Home | About | Sematext search-lucene.com search-hadoop.com
 Search Hadoop and all its subprojects:

Switch to Threaded View
Flume >> mail # user >> Events being cut by flume

Copy link to this message
Re: Events being cut by flume
The default value for the available memory specified in
$FLUME_HOME/bin/flume-ng is very small (20MB)

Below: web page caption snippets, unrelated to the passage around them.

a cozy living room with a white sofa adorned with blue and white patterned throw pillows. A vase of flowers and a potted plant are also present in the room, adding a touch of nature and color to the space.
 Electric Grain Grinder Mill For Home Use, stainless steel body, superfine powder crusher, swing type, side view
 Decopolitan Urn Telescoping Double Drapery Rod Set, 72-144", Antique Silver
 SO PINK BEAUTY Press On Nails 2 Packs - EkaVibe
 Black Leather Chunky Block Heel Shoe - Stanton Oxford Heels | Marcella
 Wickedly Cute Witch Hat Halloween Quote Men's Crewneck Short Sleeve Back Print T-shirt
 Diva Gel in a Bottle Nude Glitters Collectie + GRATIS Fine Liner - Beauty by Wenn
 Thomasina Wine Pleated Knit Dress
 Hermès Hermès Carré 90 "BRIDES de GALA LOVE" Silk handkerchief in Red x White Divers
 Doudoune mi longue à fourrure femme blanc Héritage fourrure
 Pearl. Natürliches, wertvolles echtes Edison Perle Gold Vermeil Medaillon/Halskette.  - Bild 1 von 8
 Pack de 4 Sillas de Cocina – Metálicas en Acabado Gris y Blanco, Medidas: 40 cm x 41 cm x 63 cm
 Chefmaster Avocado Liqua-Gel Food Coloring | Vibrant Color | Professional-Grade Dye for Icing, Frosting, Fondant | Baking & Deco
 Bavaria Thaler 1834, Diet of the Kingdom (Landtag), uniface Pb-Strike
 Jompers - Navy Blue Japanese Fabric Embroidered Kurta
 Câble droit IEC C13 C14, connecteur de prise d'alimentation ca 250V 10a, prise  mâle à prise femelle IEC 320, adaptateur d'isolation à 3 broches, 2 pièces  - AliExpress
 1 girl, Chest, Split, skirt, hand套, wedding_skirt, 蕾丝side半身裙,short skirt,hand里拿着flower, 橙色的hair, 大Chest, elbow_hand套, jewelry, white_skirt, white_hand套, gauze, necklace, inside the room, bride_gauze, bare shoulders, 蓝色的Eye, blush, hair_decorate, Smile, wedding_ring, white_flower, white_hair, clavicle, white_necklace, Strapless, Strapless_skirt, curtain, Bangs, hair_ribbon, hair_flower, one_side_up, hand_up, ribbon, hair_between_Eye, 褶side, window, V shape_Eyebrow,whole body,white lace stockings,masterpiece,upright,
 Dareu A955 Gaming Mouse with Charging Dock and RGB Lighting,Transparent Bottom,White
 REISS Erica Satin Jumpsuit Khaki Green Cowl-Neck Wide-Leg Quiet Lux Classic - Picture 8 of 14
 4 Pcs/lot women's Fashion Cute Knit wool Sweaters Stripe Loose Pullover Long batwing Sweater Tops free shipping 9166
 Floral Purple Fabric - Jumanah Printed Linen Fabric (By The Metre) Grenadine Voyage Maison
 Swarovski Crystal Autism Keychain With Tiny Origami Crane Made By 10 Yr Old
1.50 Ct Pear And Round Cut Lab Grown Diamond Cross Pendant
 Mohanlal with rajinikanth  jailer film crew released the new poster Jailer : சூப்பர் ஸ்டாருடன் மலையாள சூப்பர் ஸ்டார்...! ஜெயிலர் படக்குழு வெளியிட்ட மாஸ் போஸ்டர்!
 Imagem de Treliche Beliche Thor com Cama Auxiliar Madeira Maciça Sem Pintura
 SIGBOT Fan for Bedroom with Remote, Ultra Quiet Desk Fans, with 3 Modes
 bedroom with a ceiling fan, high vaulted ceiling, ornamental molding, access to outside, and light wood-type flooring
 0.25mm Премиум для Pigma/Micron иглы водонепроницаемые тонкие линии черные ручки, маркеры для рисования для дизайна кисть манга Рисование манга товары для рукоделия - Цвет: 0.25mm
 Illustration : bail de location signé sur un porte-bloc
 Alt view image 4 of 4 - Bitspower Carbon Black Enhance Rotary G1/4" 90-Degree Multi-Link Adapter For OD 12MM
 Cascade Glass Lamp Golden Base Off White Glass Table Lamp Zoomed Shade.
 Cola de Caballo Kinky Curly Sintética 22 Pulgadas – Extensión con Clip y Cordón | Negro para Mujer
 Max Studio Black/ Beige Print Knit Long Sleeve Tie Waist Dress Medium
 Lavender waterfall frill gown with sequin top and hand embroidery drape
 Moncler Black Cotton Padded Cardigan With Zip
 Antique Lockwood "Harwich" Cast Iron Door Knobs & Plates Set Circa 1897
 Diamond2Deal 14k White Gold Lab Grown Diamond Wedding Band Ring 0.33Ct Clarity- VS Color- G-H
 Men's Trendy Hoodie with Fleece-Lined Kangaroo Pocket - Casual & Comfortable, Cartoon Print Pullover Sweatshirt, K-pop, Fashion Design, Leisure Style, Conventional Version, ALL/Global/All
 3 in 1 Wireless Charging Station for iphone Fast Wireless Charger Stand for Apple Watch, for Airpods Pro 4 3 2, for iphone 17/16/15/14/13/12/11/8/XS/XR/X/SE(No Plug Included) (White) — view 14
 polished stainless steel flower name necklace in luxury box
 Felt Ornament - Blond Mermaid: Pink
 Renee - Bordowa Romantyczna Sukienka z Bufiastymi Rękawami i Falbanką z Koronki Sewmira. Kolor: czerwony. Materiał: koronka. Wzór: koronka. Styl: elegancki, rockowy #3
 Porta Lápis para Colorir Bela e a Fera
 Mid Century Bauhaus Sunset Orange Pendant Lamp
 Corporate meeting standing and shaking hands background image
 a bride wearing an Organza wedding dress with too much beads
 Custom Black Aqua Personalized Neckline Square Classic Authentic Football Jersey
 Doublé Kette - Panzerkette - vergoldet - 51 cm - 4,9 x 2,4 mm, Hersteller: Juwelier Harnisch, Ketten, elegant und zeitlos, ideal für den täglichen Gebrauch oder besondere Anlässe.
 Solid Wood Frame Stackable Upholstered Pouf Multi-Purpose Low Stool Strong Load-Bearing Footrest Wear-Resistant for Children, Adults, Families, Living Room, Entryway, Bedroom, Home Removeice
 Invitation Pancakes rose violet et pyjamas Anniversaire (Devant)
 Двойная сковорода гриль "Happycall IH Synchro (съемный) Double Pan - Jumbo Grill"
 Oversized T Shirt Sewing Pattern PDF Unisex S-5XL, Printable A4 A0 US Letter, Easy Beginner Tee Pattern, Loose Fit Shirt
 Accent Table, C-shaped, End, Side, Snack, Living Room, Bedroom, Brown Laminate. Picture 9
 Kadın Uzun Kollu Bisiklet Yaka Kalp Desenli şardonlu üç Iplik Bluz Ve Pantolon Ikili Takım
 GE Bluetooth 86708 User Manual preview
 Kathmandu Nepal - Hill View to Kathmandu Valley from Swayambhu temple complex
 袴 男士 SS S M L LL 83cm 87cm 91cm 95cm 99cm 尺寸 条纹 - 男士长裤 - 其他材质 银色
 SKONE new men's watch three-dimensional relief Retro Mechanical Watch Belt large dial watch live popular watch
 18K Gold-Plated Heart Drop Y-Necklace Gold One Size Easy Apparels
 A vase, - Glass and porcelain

So, in your $FLUME_HOME/conf/flume-env.sh file

Try increasing your Java memory to a higher number (at most 50% of the
available RAM)
JAVA_OPTS="-Xms4096m -Xmx4096m -XX:MaxPermSize=4096m"

Then, in your agent configuration file:

Increase the maximum number of lines per event to a much higher number
(like 5000).

Also change the output encoding to UTF-8

Let's make sure that the input encoding matches the encoding of the
original event. This can cause problems if it is not the right one.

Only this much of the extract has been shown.